- Artist: Dale Enochs
- Year: 1999
- Type: Limestone
- Dimensions: 13 m × 15 m × 6.1 m (42 ft × 50 ft × 20 ft)
- Location: IUPUI; Indianapolis, Indiana, United States;

= Table of Contents (Enochs) =

Limestone sculpture

Table of Contents is a sculpture designed by the American artist Dale Enochs. The sculpture is made from limestone and was commissioned by Joseph F. Miller. The sculpture is located across the street from the IUPUI campus, at the N.E. corner of W Michigan St and West St, and sits in front of the Miller Centre in downtown Indianapolis, Indiana. Table of Contents displays four geometric shapes, which include a circle, triangle, crescent and square. These shapes sit atop a table with four legs, all pieces are carved from limestone. The shapes as well as the table are carved with curved lines which run up and down the sculpture, but some areas are left smooth. The square has "terrae" written on the side. Terrae means extended mass land.

==Acquisition==
The sculpture was commissioned by Joseph F. Miller and installed, in 1999, at the west entrance of the Miller Centre, which houses The Joseph F Miller Foundation.

==Artist==
Dale Enochs creates sculpture for both public and private settings. He works primarily in stone often combining contrasting materials such as steel, bronze and copper. His work includes large free standing sculpture, wall sculptures, water features, memorials and architectural elements. It can be seen in public and private collections throughout the US as well as in Japan and China.
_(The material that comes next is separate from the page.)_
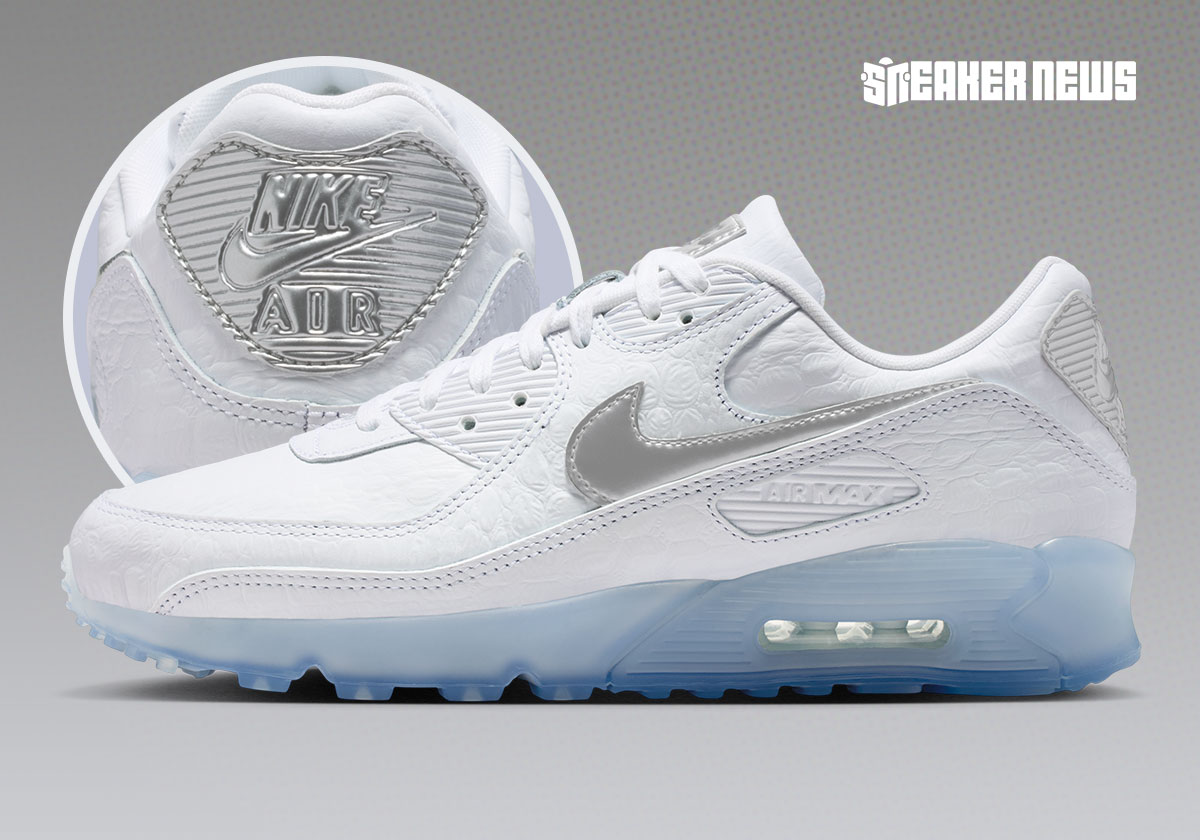 nike-air-max-90-terrascape-white-blue-tint-retorna-1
Enochs is an internationally known limestone carver who graduated from Indiana University. He lives and works near Bloomington, Indiana. His works vary from large scale outdoor public commissions to delicate wall relief sculpture. His works are included in many private collections and he has created a number of public works. Among these are his works at the White River Gardens in Indianapolis, Prophetstown in Tippecanoe County, and in Takihata, Japan. Additionally, his work in limestone was featured on HGTV as a segment of the show, Modern Masters.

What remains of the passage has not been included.